Lean Management in Sustainable Agricultural Production: Practice, Performance, and Determining Factors

Date
October 2015 to September 2021
Countries
Members
Keywords
Lean Management
Lean Agriculture
Sustainable Performance
sustainable agriculture
Primary Production
Institutions
University of the Western Cape (South Africa)
Research fields
Agriculture and Food Sciences
Business and Economics

This PhD study investigates the application of lean management methods and strategies in agricultural primary production in a developing country context. Specifically, the study details the lean operational configuration and determinants of sustainable performance for agricultural primary production, including the development of a multi-item lean maturity scale, to assess lean maturity in individual grower operations.
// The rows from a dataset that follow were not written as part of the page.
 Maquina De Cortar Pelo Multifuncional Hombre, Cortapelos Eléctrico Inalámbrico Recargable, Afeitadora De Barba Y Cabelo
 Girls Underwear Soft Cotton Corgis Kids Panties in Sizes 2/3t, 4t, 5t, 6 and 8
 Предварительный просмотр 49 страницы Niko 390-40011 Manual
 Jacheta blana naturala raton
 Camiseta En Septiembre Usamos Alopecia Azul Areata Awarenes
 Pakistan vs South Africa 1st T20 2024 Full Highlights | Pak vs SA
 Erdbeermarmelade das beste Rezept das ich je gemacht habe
The determining factors, identified through a systematic review of the available literature, are thematically synthesized, conceptually framed and utilized for the development of a case study. The developed scale which is trialled among a sample of 132 fruit primary producers in South Africa. The development and application of the multi-item scale serves to investigate the relationship between lean practice maturity and sustainable performance of the fruit growing in developing South Africa.  Principles components analysis applied to the collected operational data identifies two latent dimensions of managerial practice for fruit farmers, a primary dimension linked to internal operations management and a secondary, less significant dimension, linked to coordination with supply chain partners. Cluster analysis of the lean operational data reveals a 2-cluster optimal solution, including 44 growers in high lean maturity cluster and 88 growers in a low lean maturity cluster. MANCOVA applied to this data reveals significant differences in lean practice maturity across all 10 of the lean measures in the multi-item scale. This analysis further reveals that farm size is a significant determinant of practice maturity, for 6 out of the 10 lean maturity scales. Further, ANOVA applied to the practice performance data supports for significant differences in operational performance between the low lean maturity and high lean maturity clusters. This exposition of lean management practices in agricultural primary production, and their contribution to the sustainable performance of grower operations, represents a new contribution to the body of literature linking lean and sustainable organizational performance. The study should support further development of lean management research and operationalized lean methods within the fruit horticulture subsector as well as the broader agri-food context.